Monday, February 28, 2005

The alexwayne.com Oscars review

Despite my best intentions, I found myself watching the Oscars Sunday. It's amazing what one will do to please a pretty girl.

Anyway, here's what I remember:

  • The worst movie of the year won almost everything it was nominated for. Surprise, surprise: the Academy screws up again.
  • Despite my best efforts at telepathy and telekinesis, Penelope Cruz and Salma Hayek did not make out on stage. I don't mind telling you: I was speechless during this segment. I have no idea what award they were presenting or what they were saying. All I know is, it was hot. All of it.
  • There was some chick in the balcony during the presentation of that lifetime achievement award to that director dude who had a gi-normous rack, and who knew it. God bless her.
  • The Chris Rock-filling-in-for-Catherine-Zeta-Jones with Adam Sandler bit was pretty funny.
  • I had a choice, several weeks ago, between seeing "Hotel Rwanda" and the worst movie of the year. I chose poorly.

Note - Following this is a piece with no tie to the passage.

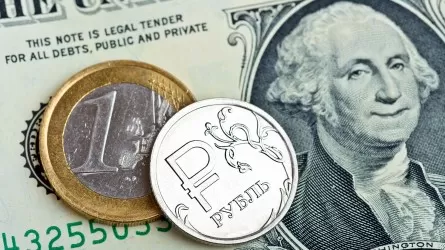 Рубль крепнет к доллару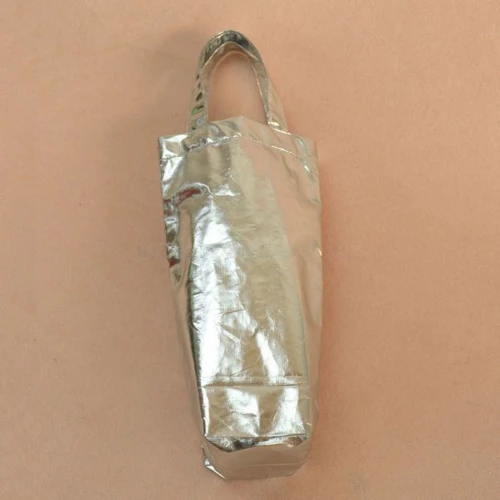 Sac fourre-tout métallique pour le vin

Saturday, February 26, 2005

Not as hot as it sounds

A play in one act, based on actual events. Scene: a not uncrowded Metro platform on a Saturday afternoon much like this one. In fact, this one.

Loud dumb ugly girl:
"So he's like, it's not 4:00 yet, and that's when we usually get started."

Dumb girl's friend: "Uhhuh?"
LDUG: "And so I'm like, well, I guess I'll just have to take care of myself."
DGF:
Alex : What the fuck?
LDUG: "And he's like, well, I guess I'll have to take care of myself, too!"
DGF:
LDUG: "And so he goes in the bathroom, and I'm like still in bed, and I kick off my panties..."
Alex : What the hell is wrong with people?
DGF: oooh!
LDUG: "... And he comes out of the bathroom, and I'm like, 'did you take care of yourself?' And he's like, 'sure I did,' and so I throw back the covers and I'm like 'too bad!'..."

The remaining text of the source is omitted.